# New to OGF-can't reply to posts



## Frank Zajac (Mar 24, 2016)

How do you get privileges to reply to a post? I have been unable to


----------



## Bluefinn (Jan 26, 2007)

Frank Zajac said:


> How do you get privileges to reply to a post? I have been unable to


You might need a couple more posts? I'll start you off. Welcome aboard. Where are you from , about.


----------



## Frank Zajac (Mar 24, 2016)

West side of Cleveland


----------



## Snakecharmer (Apr 9, 2008)

Frank Zajac said:


> West side of Cleveland


Welcome to OGF....Chesterland here.


----------



## FISHIN 2 (Jun 22, 2005)

Psst, Hint, Answer everyone, posting will come with it !! Welcome..


----------



## Frank Zajac (Mar 24, 2016)

Snakecharmer said:


> Welcome to OGF....Chesterland here.


Thanks


----------



## Frank Zajac (Mar 24, 2016)

FISHIN 2 said:


> Psst, Hint, Answer everyone, posting will come with it !! Welcome..


Will do


----------



## Bluefinn (Jan 26, 2007)

Frank Zajac said:


> Will do


Catch any fish lately?


----------



## Blue Pike (Apr 24, 2004)

Nice Bass Frank


----------



## Frank Zajac (Mar 24, 2016)

Blue Pike said:


> Nice Bass Frank


Thanks


----------



## Frank Zajac (Mar 24, 2016)

Bluefinn said:


> Catch any fish lately?


Just a couple in the ponds by my house..haven't got the boat out yet


----------



## sherman51 (Apr 12, 2011)

I think you need 10 posts. do you fish erie? what type boat do you have? do you have a boat?


----------



## fastwater (Apr 1, 2014)

Welcome to OGF!


----------



## Frank Zajac (Mar 24, 2016)

sherman51 said:


> I think you need 10 posts. do you fish erie? what type boat do you have? do you have a boat?
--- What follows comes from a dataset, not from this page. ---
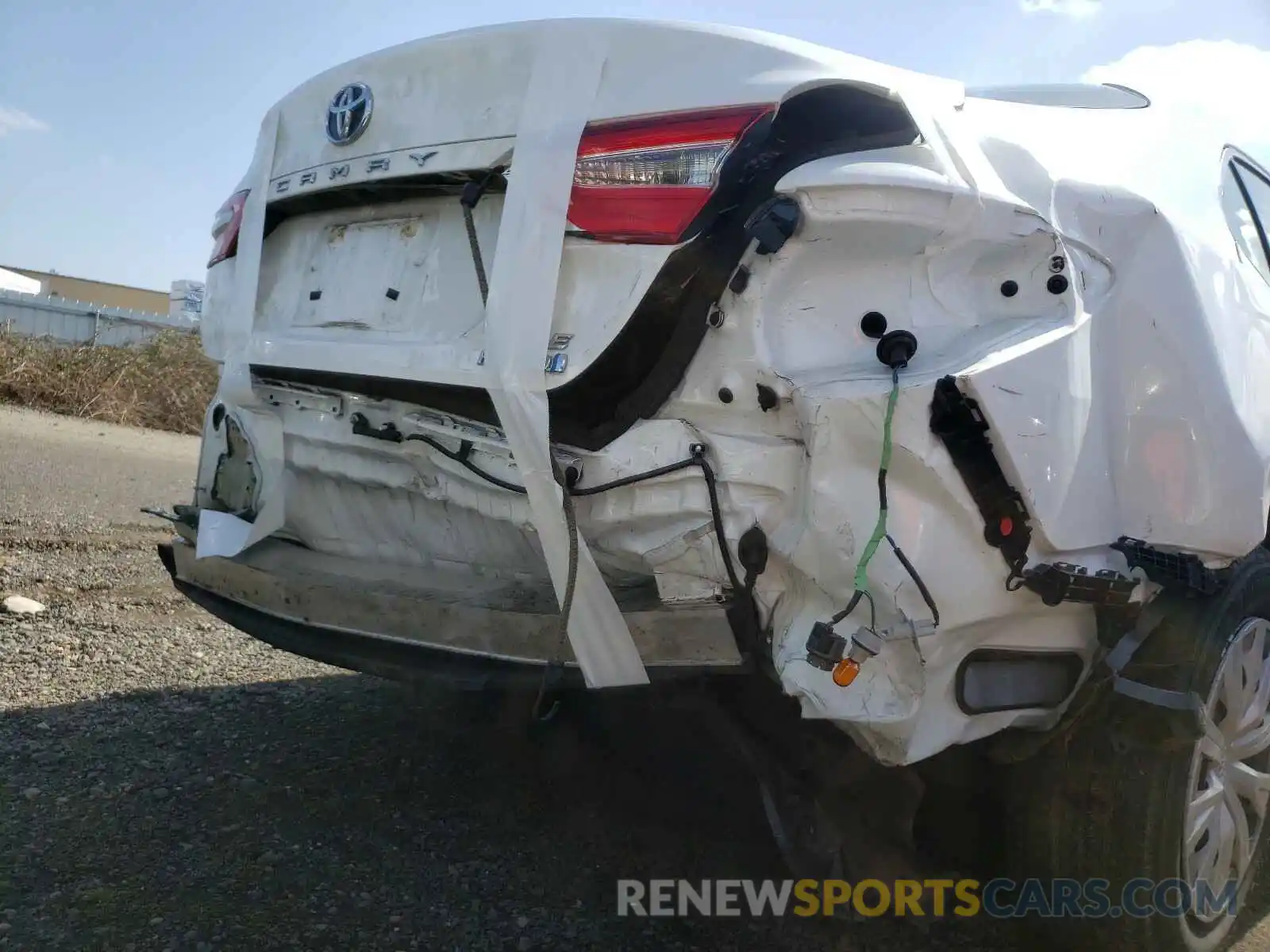 9 Photograph of a damaged car 4T1C31AK9LU519468 TOYOTA CAMRY 2020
Unfortunately very rarely on Erie (motion sickness- only 1 foot or less is all I can do) I fish inland lakes on my 2015 16.5 foot Lund Rebel


----------



## Frank Zajac (Mar 24, 2016)

fastwater said:


> Welcome to OGF!


Thank you


----------



## 0utwest (Mar 21, 2017)

Welcome ! From Geneva here and do you Hunt ? And tell me you like Thompson center encore and Knight Muzzleloaders over CVA !


----------



## Frank Zajac (Mar 24, 2016)

No hunting for me....just fishing


----------



## ya13ya03 (Sep 21, 2010)

Welcome aboard. I'm over north of Mosquito lake.


----------



## FISHIN 2 (Jun 22, 2005)

Hey moderators, why is his post count not going up ?


----------



## Misdirection (Jul 16, 2012)

FISHIN 2 said:


> Hey moderators, why is his post count not going up ?


Not a Mod, but I see his post count as being 8.
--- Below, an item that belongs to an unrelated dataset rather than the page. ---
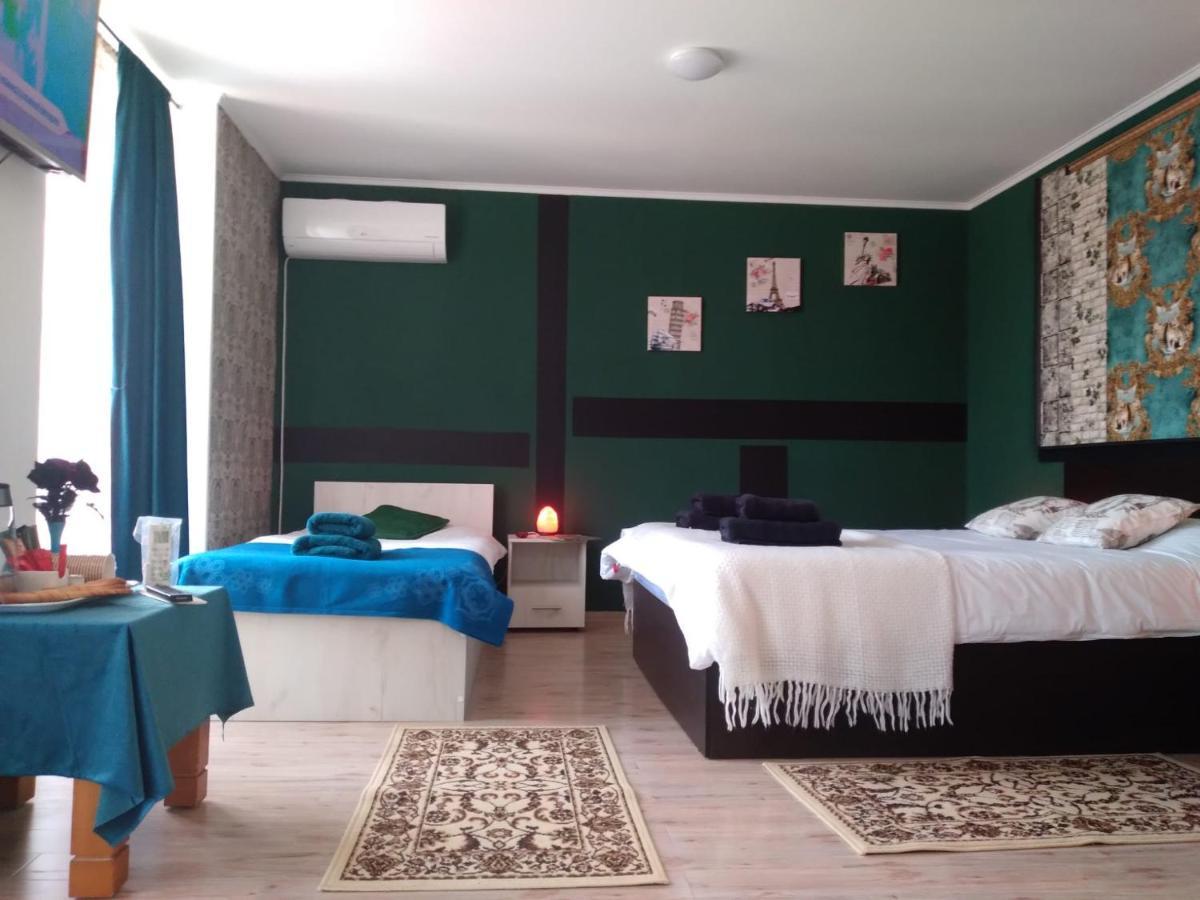 White House Guest House Hunedoara Extérieur photo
Sent from my SM-A505U using Tapatalk


----------



## fastwater (Apr 1, 2014)

Just looked and he's at 9.
Which is his post count on this thread.

What fish do you like to target?


----------



## KaGee (Sep 8, 2006)

Nothing wrong with his post count.


----------



## sherman51 (Apr 12, 2011)

Frank Zajac said:


> Unfortunately very rarely on Erie (motion sickness- only 1 foot or less is all I can do) I fish inland lakes on my 2015 16.5 foot Lund Rebel


I get sick very easy. the answer for me was the patches that goes behind the ear. you need a scrip for them from your doctor. I also sweat and the patches kept coming off. so I moved them to my wrist under my watch band. worked just as good as behind the ear. put 1 on the night before you go out and there good for the weekend.



0utwest said:


> Welcome ! From Geneva here and do you Hunt ? And tell me you like Thompson center encore and Knight Muzzleloaders over CVA !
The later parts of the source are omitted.